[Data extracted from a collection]

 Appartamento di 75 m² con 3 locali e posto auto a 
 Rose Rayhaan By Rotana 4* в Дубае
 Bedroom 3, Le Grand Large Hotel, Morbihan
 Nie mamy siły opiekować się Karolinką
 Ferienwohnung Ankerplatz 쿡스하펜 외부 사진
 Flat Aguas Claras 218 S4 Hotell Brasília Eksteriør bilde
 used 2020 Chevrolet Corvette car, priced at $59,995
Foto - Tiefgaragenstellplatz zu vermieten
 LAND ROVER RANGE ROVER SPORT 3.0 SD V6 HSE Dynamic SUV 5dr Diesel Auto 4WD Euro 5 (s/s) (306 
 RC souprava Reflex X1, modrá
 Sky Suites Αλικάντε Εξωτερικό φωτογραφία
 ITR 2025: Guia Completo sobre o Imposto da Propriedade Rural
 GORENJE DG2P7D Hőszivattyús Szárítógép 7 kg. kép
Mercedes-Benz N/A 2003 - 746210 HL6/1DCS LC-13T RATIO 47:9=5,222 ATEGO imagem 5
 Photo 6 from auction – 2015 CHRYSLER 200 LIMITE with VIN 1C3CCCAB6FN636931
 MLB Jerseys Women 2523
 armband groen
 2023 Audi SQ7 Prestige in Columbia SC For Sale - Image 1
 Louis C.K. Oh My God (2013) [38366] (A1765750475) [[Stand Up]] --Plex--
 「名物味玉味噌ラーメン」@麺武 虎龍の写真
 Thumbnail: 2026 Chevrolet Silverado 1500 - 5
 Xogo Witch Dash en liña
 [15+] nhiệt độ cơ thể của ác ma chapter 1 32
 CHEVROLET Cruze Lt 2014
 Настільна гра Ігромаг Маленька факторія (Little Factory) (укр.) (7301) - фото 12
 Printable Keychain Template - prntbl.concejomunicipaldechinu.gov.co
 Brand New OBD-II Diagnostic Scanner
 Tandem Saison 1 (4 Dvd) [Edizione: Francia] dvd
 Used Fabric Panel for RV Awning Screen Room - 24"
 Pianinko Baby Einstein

● **WORK ORDER**:
Each line from the top of the records above through the line containing "CHEVROLET Cruze Lt 2014" needs to be transcribed exactly, and no line after it.

● **SOLUTION TO THE PROBLEM**:
 Appartamento di 75 m² con 3 locali e posto auto a 
 Rose Rayhaan By Rotana 4* в Дубае
 Bedroom 3, Le Grand Large Hotel, Morbihan
 Nie mamy siły opiekować się Karolinką
 Ferienwohnung Ankerplatz 쿡스하펜 외부 사진
 Flat Aguas Claras 218 S4 Hotell Brasília Eksteriør bilde
 used 2020 Chevrolet Corvette car, priced at $59,995
Foto - Tiefgaragenstellplatz zu vermieten
 LAND ROVER RANGE ROVER SPORT 3.0 SD V6 HSE Dynamic SUV 5dr Diesel Auto 4WD Euro 5 (s/s) (306 
 RC souprava Reflex X1, modrá
 Sky Suites Αλικάντε Εξωτερικό φωτογραφία
 ITR 2025: Guia Completo sobre o Imposto da Propriedade Rural
 GORENJE DG2P7D Hőszivattyús Szárítógép 7 kg. kép
Mercedes-Benz N/A 2003 - 746210 HL6/1DCS LC-13T RATIO 47:9=5,222 ATEGO imagem 5
 Photo 6 from auction – 2015 CHRYSLER 200 LIMITE with VIN 1C3CCCAB6FN636931
 MLB Jerseys Women 2523
 armband groen
 2023 Audi SQ7 Prestige in Columbia SC For Sale - Image 1
 Louis C.K. Oh My God (2013) [38366] (A1765750475) [[Stand Up]] --Plex--
 「名物味玉味噌ラーメン」@麺武 虎龍の写真
 Thumbnail: 2026 Chevrolet Silverado 1500 - 5
 Xogo Witch Dash en liña
 [15+] nhiệt độ cơ thể của ác ma chapter 1 32
 CHEVROLET Cruze Lt 2014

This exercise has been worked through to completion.